We live in a time when ghost writers are available for any rich or famous personality to tell their stories. With their communication power, these books are sure to get a good audience. This is unfortunate, because now one doesn't need to know how to write, nor to have a good story to tell before publishing. I wonder how many great authors are still unknown for lack of opportunity to publish, while books about "stars" abound.

Wynonna's book has basically three parts:

1) Her crazy, gold digging mother destroys her childhood and adolescence by using her as a child singer in a country music career. Wynonna is basically a prop in her mother's show, what a doll is to a ventriloquist. She grows up without developing any maturity, insecure and codependent.

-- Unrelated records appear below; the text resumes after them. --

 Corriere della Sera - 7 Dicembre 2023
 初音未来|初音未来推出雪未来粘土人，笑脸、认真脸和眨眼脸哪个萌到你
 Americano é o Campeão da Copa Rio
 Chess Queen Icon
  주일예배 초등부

2) Wynonna as an adult is wildly successful. Because of her mother issues, she has weight problems, spends millions in an irresponsible lifestyle, and doesn't manage her life, her career nor anything else. She is a 30 year-old teenager. Monster mommy still stays in backstage, pulling her strings and manipulating her.

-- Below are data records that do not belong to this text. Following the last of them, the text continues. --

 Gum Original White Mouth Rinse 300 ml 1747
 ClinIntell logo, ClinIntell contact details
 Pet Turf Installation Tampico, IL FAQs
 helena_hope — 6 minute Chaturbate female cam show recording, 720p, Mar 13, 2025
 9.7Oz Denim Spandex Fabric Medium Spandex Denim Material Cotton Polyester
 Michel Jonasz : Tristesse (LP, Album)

3) Wynonna is almost 40 (yawnnnn...) and finds a psychology clinic which helps her to have some very basic ideas about how to control her life. She marries a guy who is sane and helps her to have some (just a little) independence from monster mommy. Now she is free to enjoy her millions of dollars and millions of adoring fans.

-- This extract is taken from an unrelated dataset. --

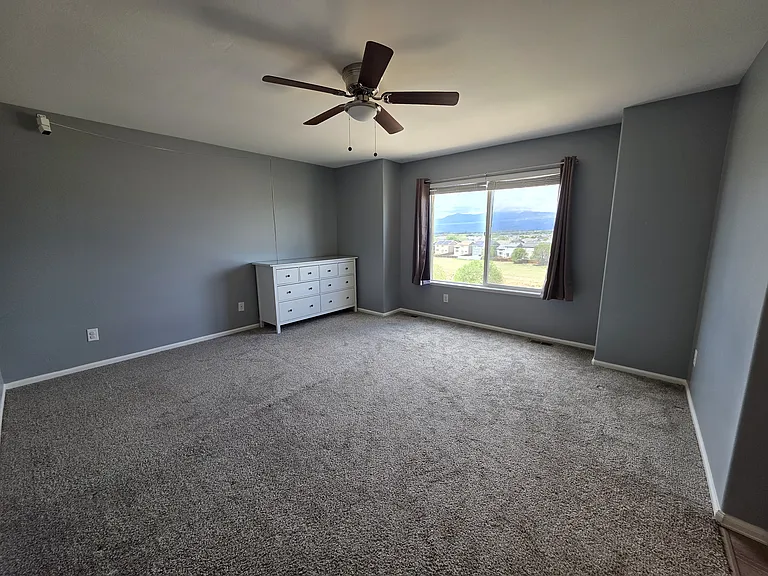 Main bedroom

It is very hard to empathize with Wynonna. She basically never had a problem in her life besides her mother. After 10 pages, the reader wants to scream: "get rid of the witch of mother ! It is all her fault !" But Wynonna can't see that.

Her mother is a calculating, super ambitious, manipulative witch who would sell her soul for some success. She absolutely controlled her daughter and destroyed her psychological development. However, Wynonna is so timid that she just refuses to deal with the subject for 40 years. Even in this book, which is supposed to be the tale of her liberation from mom, she just can't face the very clear fact that her mother is a bad person. I know it is hard to say that about your mother, but then, if you can't face it, why write the book after all ? It is just so hypocritical.

The other problem is that Wynonna's life is not inspiring. I like memoirs because we usually find there tales of courage, of exceptional trials or unusual situations. Wynonna's life, however, apart from the singing career which she doesn't detail nor analyze at all, is just boring. How can anyone sympathize with her problems, like not being able to control her spending millions of dollars in useless junk ? Or having people to do just anything for her? I wish I had those problems.

The psychological solutions she presents are also extremely basic, with techniques like "mirroring", where you just repeat back to them what the other people say, in order to improve communication. It sounds silly and artificial, the way Wynonna does. One would better buy psychologist Erick Erickson's books about these techniques.

Wynonna still lives the life of a teenager. She is one of those new age Christians (she even goes to Hindu ashram) who sees a super special meaning in everything that happens to her, regards her life as a "journey", sees her songs as "life altering works of art", her casual feelings as "elevated encounters with her inner self" (I am paraphrasing). She thinks too highly of herself and her experience. She really needs a reality check.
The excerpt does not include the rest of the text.